The very first class I took was with an open mind and really wanted to LEARN something. It was obvious that the instructor had never taught a class before. For the first hour she talked about a book she had coming out and did a trunk show. It was an applique class at Paducah and she didn't demo any techniques and left us on our own. I had been teaching applique in my shop using my handy glue stick, which was not mainstream yet, so I whipped it out and in short order had my applique pieces ready to stitch down. She was horrified. I left at the lunch break as did over half the class.

The other bad experience was a well known art quilter. She refused to do any critiques even when asked. She also spent a large portion of the class time talking about her candidate for president. That isn't what I was there for and I felt a loss at not having constructive critque time for our work. she also had a couple of real class favorites which for a very small workshop class was way too obvious.
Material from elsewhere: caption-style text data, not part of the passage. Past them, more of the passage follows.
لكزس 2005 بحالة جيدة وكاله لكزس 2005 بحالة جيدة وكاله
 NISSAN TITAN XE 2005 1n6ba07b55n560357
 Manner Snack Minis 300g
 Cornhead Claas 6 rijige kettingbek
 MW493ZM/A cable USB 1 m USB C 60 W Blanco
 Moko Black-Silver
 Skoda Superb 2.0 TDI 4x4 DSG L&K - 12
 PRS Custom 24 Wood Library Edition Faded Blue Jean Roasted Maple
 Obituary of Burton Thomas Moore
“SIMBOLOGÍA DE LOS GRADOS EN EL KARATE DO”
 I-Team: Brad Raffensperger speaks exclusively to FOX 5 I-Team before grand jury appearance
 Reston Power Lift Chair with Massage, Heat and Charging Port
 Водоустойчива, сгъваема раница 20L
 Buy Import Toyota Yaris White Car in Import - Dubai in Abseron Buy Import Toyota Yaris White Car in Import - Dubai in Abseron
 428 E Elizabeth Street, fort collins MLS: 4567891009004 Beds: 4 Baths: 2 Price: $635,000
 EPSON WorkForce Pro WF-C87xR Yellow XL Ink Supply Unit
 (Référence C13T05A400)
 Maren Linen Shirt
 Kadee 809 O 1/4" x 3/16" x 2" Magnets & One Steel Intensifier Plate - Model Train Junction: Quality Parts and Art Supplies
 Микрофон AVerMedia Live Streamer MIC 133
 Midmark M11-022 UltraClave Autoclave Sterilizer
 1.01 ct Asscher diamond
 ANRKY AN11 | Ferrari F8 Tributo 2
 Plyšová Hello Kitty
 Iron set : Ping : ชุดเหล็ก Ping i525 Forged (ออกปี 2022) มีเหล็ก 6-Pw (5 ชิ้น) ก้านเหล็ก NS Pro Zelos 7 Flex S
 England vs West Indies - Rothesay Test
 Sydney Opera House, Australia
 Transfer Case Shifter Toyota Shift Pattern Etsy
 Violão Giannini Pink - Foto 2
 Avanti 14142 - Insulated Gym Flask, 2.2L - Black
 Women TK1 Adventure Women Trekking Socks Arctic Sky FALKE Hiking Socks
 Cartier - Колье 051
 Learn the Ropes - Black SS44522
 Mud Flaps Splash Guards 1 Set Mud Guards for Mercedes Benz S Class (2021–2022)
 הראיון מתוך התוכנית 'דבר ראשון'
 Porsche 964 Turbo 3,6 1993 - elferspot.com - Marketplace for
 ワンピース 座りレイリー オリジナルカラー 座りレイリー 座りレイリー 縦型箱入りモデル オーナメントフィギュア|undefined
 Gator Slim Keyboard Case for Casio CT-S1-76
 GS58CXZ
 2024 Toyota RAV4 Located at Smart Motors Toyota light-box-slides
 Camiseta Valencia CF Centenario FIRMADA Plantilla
Katherine D. Stein said...

One of the worse teachers I encountered was at a Quilt Symposium and she was and still is a big name. She is a wonderful artist but her class bombed. She forbade any pictures to be taken of her samples, not becuase the flash could damage the color but because we might post them on our own blogs....she then went on and on about her new foundation she was starting blagh blagh..bottom line out a full day workshop, she may have actually spent 3 hours teaching and the balance bragging...I heard a couple of years later that she was teaching in Houston and pretty much did the same thing..

Lyric said...

You all are SO right about so many things! I didn't go to one of my local shops for a decade after the owner said something very rude to me when my 2yr old touched the fabric.

Sandy - I don't avoid anyone who is famous - most of them are just regular, albeit talented, people. I don't envy their success - and often go to learn from their success - be it in marketing, teaching, business, or art technique. Every once in a while I find one of them is egotistic - ah well. Most aren't.

It NEVER pays to speak badly of someone. Never. Hurts nobody but yourself. I try to do the opposite in my head, making up back-stories to explain someone's poor behavior. Makes it easier for me to let it go.

Poor hand-outs are a difficulty. I still find little mistakes in mine and think I have the best students. I ask them to write in edits or improvements on their evaluations. I'm continually tweaking them.

In class - only encouraging words. Ever. If I have a criticism it is private and couched in questions to the student to get them to discover the problem and figure out their own solution. Don't complain about a problem, provide a solution. (a household mantra)

I thank people for asking before they take pictures and then ask them to post them anywhere they want to WITH a link to my site. It's all good advertising.

As a teacher - I have much to learn - and am grateful for all of your input!

Lisa Chin said...

So many great comments on what not to do as a teacher and a quilt store employee. I like to think that I haven't done any of these no-no's and that I provide good feedback and lots of encouragement when I teach and work at the quilt store. I've been lucky enough to have only good teachers. I can't recall a bad class. I've heard others stories of terrible experiences with local and national teachers but have had great luck so far. I'm keeping my fingers crossed. I LOVE the cell phone fling idea! What a great way to make everyone feel at ease! Thank you for sharing these great ideas!